■ RECORDED DATA:
++++++++++++++++++++

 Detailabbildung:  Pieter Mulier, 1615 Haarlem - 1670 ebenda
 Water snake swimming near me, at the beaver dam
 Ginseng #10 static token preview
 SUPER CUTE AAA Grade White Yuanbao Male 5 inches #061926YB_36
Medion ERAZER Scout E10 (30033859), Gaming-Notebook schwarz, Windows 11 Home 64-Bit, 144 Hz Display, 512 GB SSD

++++++++++++++++++++

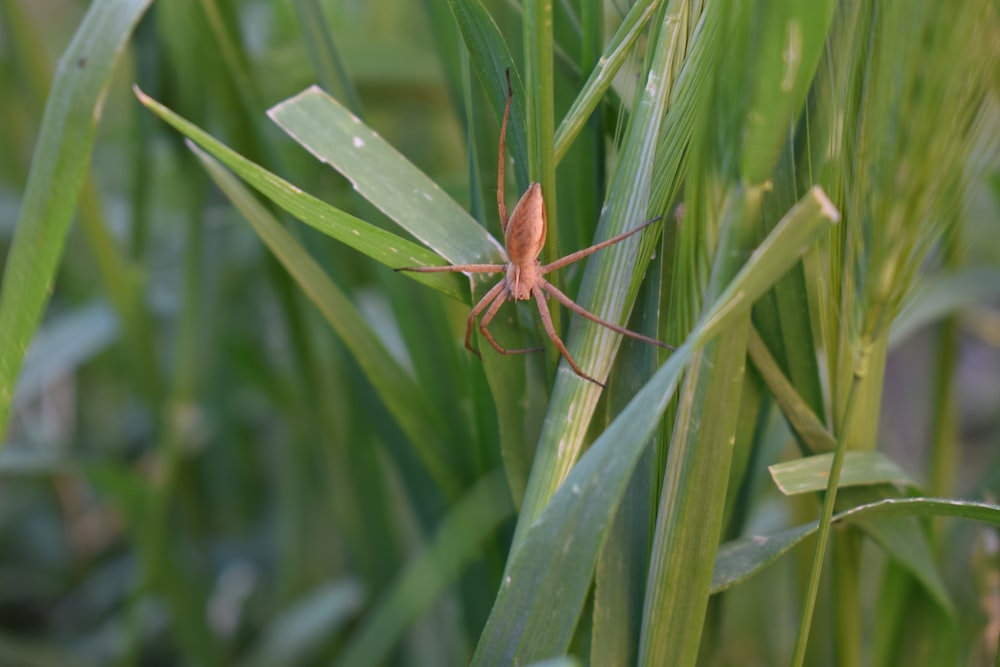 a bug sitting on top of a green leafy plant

++++++++++++++++++++

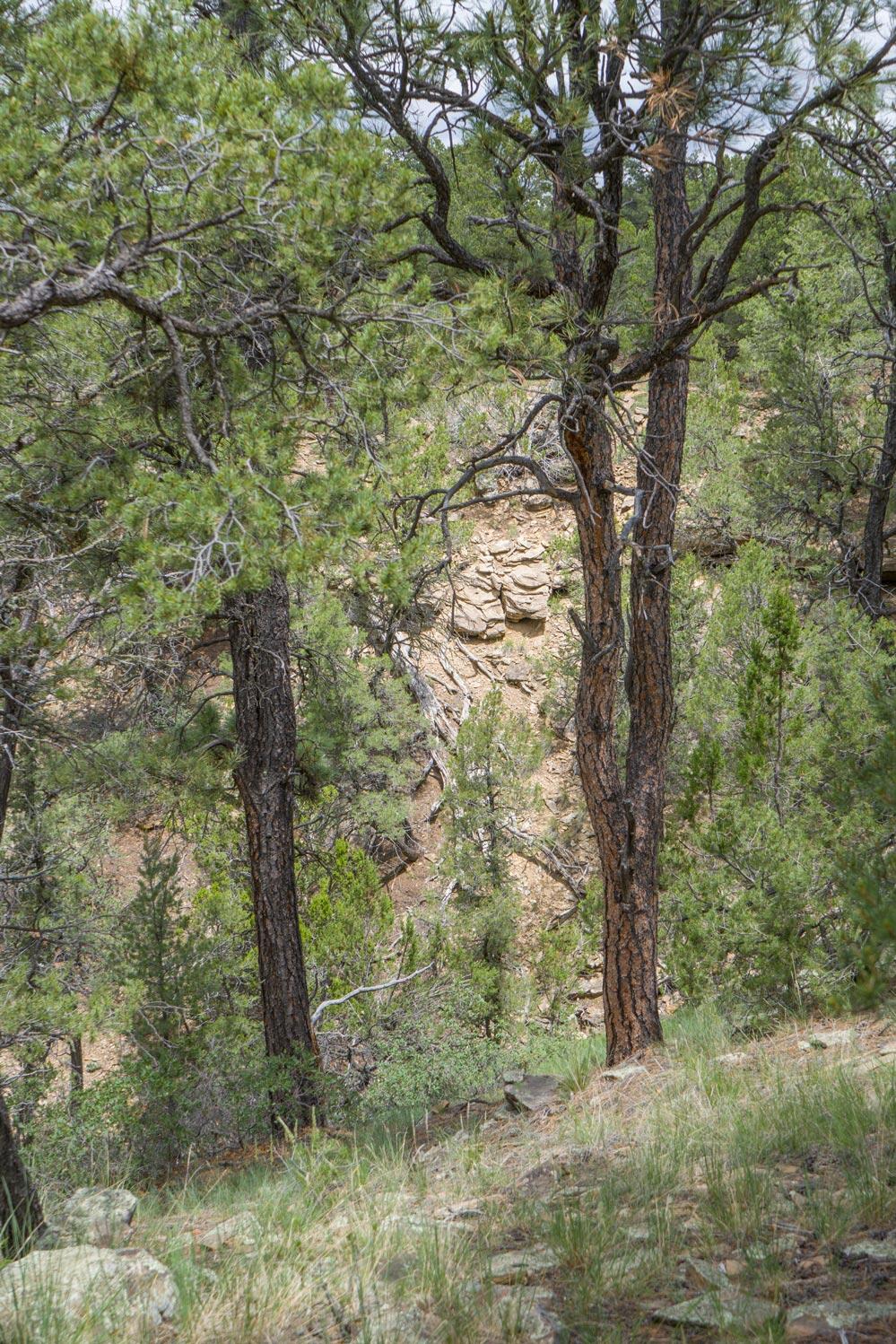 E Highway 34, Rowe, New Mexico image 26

++++++++++++++++++++

The entries above hold the needed span. Transcribe exactly the lines from the one with "- 1670 ebenda" to the one with "Medion ERAZER Scout", both included.

 Detailabbildung:  Pieter Mulier, 1615 Haarlem - 1670 ebenda
 Water snake swimming near me, at the beaver dam
 Ginseng #10 static token preview
 SUPER CUTE AAA Grade White Yuanbao Male 5 inches #061926YB_36
Medion ERAZER Scout E10 (30033859), Gaming-Notebook schwarz, Windows 11 Home 64-Bit, 144 Hz Display, 512 GB SSD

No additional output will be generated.